Baca Juga : Sosialisasi Komunitas Intelijen Daerah Menjelang Pilkada
Lampung Timur, KompasLampung.Com - Terbongkarnya Pungutan liar (Pungli) yang telah di lakukan oleh Erwin selaku pengurus E Warung yang ada di Desa Banarjoyo, Kecamatan Batang Hari, Kabupaten Lampung Timur.
Berawal dari keluhan Masyarakat Dusun Gading Rejo Rt/Rw, 005/003 Desa dan Kecamatan setempat, yang mana Beti dan Elia Delsi di antara dari ratusan Warga penerima bantuan non tunai (BNT), yang jadi korban dari perbuatan salah satu pengurus E Warung (Erwin) yang ternyata dari setiap penerima bantuan tersebut mereka harus mengeluarkan kocek sebesar Rp.7000( Tujuh Ribu Rupiah) hal itu di perkuat dari pengakuan para korban yang tertuang dalam sebuah pernyataan yang tertulis dan di bubuhi tandatangan di atas materai Rp.6000 (Enam Ribu Rupiah), yang tertanggal pada 27 Agustus 2020.

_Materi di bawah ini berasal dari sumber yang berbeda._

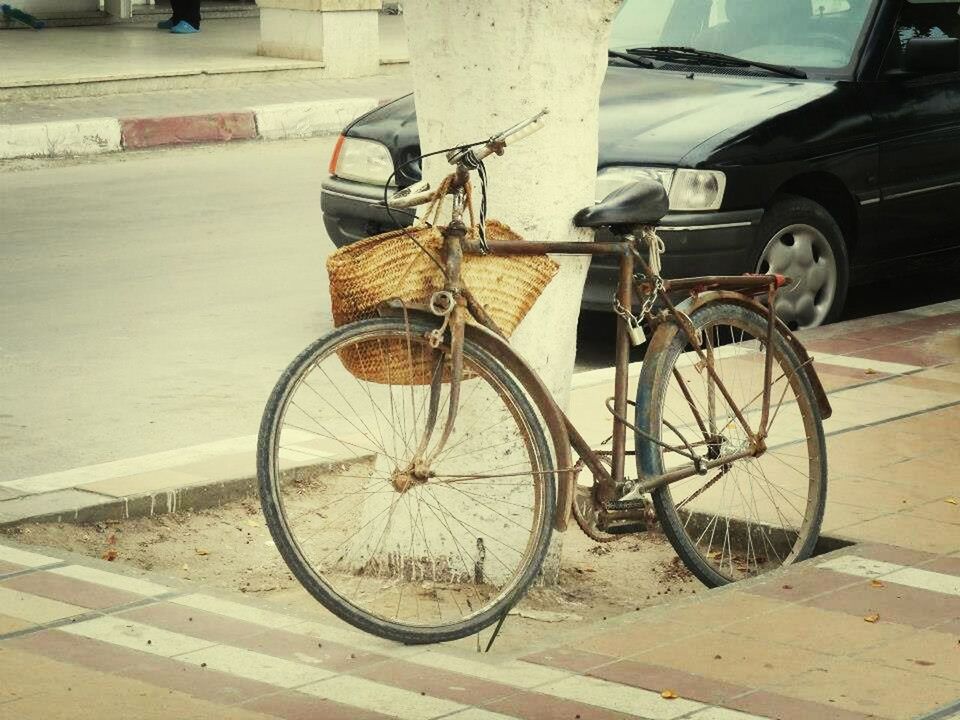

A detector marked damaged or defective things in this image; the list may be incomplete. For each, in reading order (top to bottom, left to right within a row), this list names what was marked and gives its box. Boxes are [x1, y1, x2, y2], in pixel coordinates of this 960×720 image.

rusty bicycle [256, 111, 832, 640]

Dari pengakuan para korban tersebut dengan adanya mereka membuat pernyataan tertulis supaya dari apa yang di ucapkan dapat untuk di pertanggungjawabkan hingga sampai ketingkat Hukum yang berlaku. Selain itu hal tersebut juga di benarkan oleh Makmur salah satu Warga setempat, bahkan Makhmur pun merinci dari harga pasar atas nilai barang bantuan tersebut, "diantaranya 10 Kg beras dengan harga Rp.100.000. 1Kg,Telur harga Rp. 25.000, 1Kg Buah Pir harga Rp. 20000, 400 Gram Kacang Hijau harga Rp.10.000 dan 1Kg Kentang harga Rp.15.000.maka dengan total keseluruhan hanya sebesar Rp. 170.000, sedangkan jumlah bantuan tersebut dengan jumlah uang sebesar Rp. 200.000 jadi kalau di hitung berarti bantuan tersebut masih sisa uang sebesar Rp. 30.000, lantas sisa dari uang itu di kemanakan dan untuk apa serta siapa yang sudah menelannya, yang sehingganya para penerima bantuan dari awal yang di dapat ya hanya itu dan itu saja tidak pernah berubah," ucap Makmur terhadap Awak Media beberapa waktu di kediamannya.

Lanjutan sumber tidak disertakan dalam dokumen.